**PROBLEM TO WORK ON**
Quote all of the data that follows exactly as written, skipping the images.

(Beginning of SOURCE DATA)

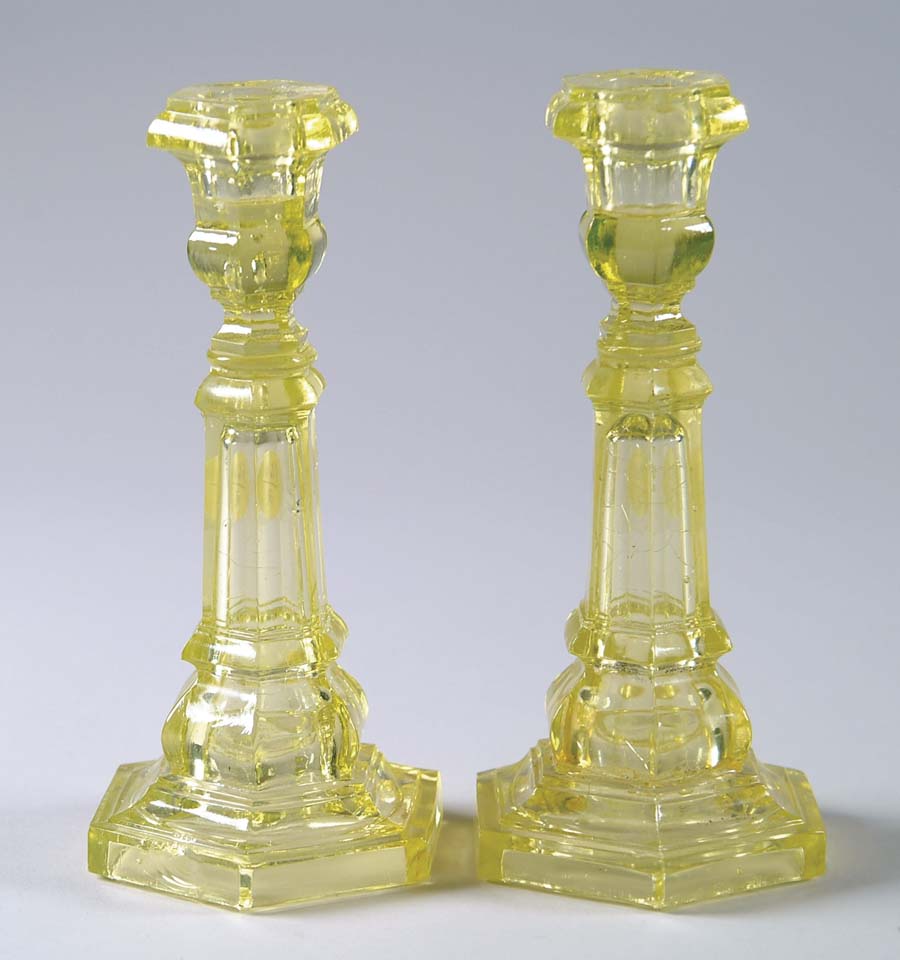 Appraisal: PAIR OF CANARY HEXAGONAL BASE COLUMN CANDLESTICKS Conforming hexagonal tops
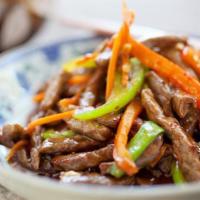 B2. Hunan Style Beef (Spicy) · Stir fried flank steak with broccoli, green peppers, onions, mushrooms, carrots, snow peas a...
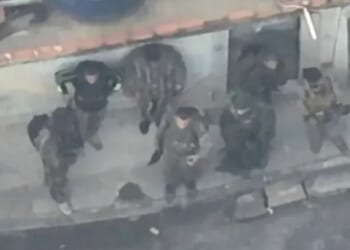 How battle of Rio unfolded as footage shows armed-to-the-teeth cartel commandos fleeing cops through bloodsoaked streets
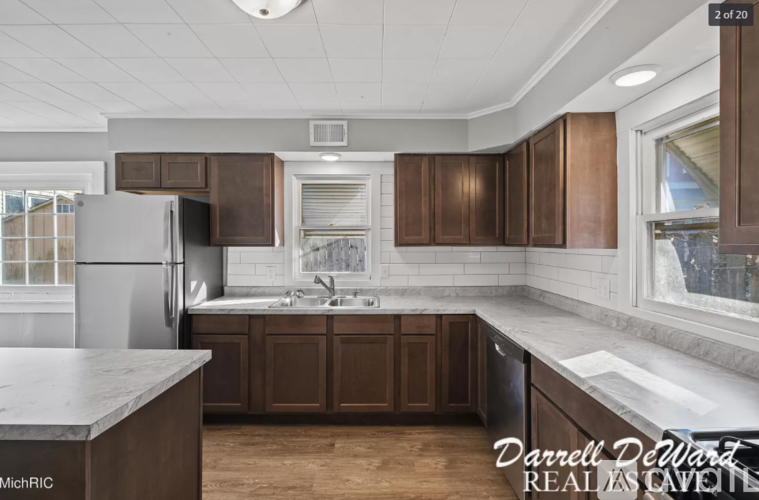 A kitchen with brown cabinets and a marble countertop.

(End of SOURCE DATA)

**ANSWER AREA**
 Appraisal: PAIR OF CANARY HEXAGONAL BASE COLUMN CANDLESTICKS Conforming hexagonal tops
 B2. Hunan Style Beef (Spicy) · Stir fried flank steak with broccoli, green peppers, onions, mushrooms, carrots, snow peas a...
 How battle of Rio unfolded as footage shows armed-to-the-teeth cartel commandos fleeing cops through bloodsoaked streets
 A kitchen with brown cabinets and a marble countertop.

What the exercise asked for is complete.